Indeed, today's ball parks are going gourmet. You can, of course, still find the traditional fare - hot dogs and Cracker Jack everywhere. But now ballparks across the country also offer such gourmet delights as Spicy Pork Stir-fry, Chicken Fajita, Citrus-Marinated Turkey, Salmon Roulade, and Toasted Cheese Ravioli.
And for dessert? How about, New York-Style Blueberry Cheesecake, Spanish Flan, or Mango Pound Cake?
"Since the [1994-95] strike, ballparks have gone all out to become more fan-friendly," says baseball guru Evan Gomes, who last summer took an epicurean tour of a third of major league ballparks. "Good food attracts the casual fans who may not be all that interested in watching the game - even though they like to spend a day at the ballpark."
In Kansas City, famous for its mouth-watering barbecue, fans can munch on Baby-Back Ribs and Pulled-Pork Sandwiches. At Jack Murphy Field in San Diego, Fish Tacos are a hot item. Busch Stadium in St. Louis boasts some of the best Toasted Cheese Ravioli outside Naples, Italy. And at a minor league park in Idaho, adventurous fans can savor all the buffalo and ostrich burgers they can stomach.
"Most stadiums now think of themselves as 60,000-seat restaurants, not just a place where baseball is played," says David Haines, concessions manager at Camden Yards in Baltimore. "And they know that people like more than hot dogs and soggy nachos - they like variety."
Speaking of nachos, Mr.

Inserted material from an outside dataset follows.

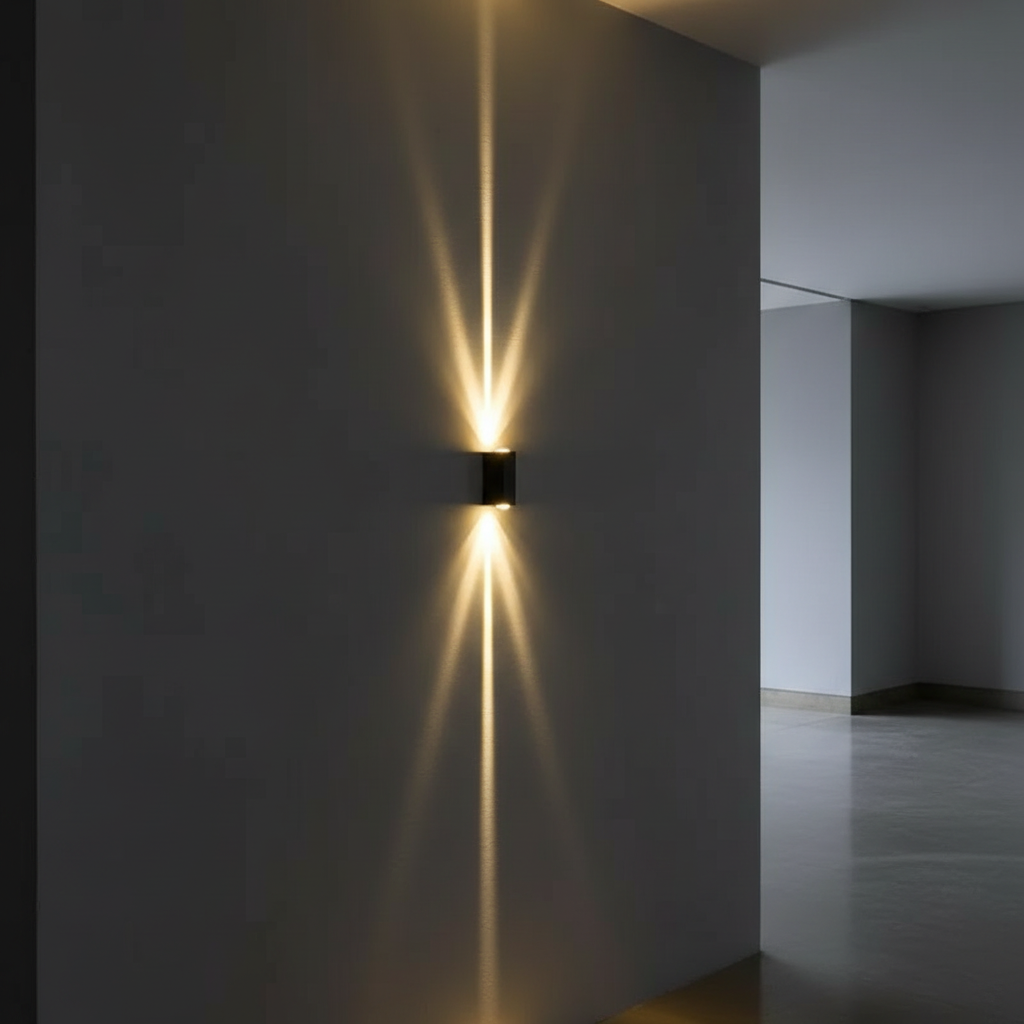 Avelena | Außenwandleuchte Jesaja | Modern & Wetterfest | Schwarz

Gomes says that Camden Yards, home to the Baltimore Orioles, has the best of any ballpark he's been to - "hands down!"
The worst? The dubious honor goes to Yankee Stadium - "way too much grease," he says.
The most surprising thing about stadium gourmet foods are the prices. It's astonishing, but they're not astronomical.
A smoothie at a Tampa Bay Devil Rays game will set you back $4. A barbecue sandwich in Kansas City, $6. Steak or Chicken Fajita in 3-Com Park, $6.50. And hot-dog prices around the league range from $2 to $5.50.
Although this gourmet renaissance has most fans happy, not all major league ballparks are elbowing in on the action.
The phenomenon which began in ballpark kitchens on the East and West coasts, is slowly catching on in the Midwest, especially at Chicago's Comisky Park and Cleveland's Jacob's Field.
One exception, however, is Chicago's Wrigley Field where the closest thing to gourmet food is a soft pretzel with spicy mustard.
Meanwhile, all this talk about haute cuisine has some people wondering if they'll still be able to bite the dog.
"When I go to the ballpark, I look forward to a hot dog loaded with the works," says Donald Alderman, who's has been going to Boston's Fenway Park since Ted Williams's days of thunder. "I don't want any of this expensive restaurant-style stuff ... ballpark food should be basic."
Not to worry Mr. Alderman.
If specialty foods do eventually displace the hot dog, it would be the baseball equivalent of the 1955 Brooklyn Dodgers breaking the New York Yankees' stronghold on the World Series.
The National Hot Dog and Sausage Council says that Americans will eat at least 26 million hot dogs in Major League ballparks this year. That's enough tube steaks to feed every person in New York and Michigan combined.
But who will eat the most hot dogs this year? Dodger fans. Dodger Stadium leads the hot dog race with its ever-popular Dodger Dog, which will sell a whopping 2 million hot dogs. Jacobs Field in Cleveland expects to sell just under 2 million dogs.
"The hot dog is still king!" says Brian Underwood, who has a concession at Busch Stadium. "There's just something about hot dogs at the ballpark - they evoke nostalgia."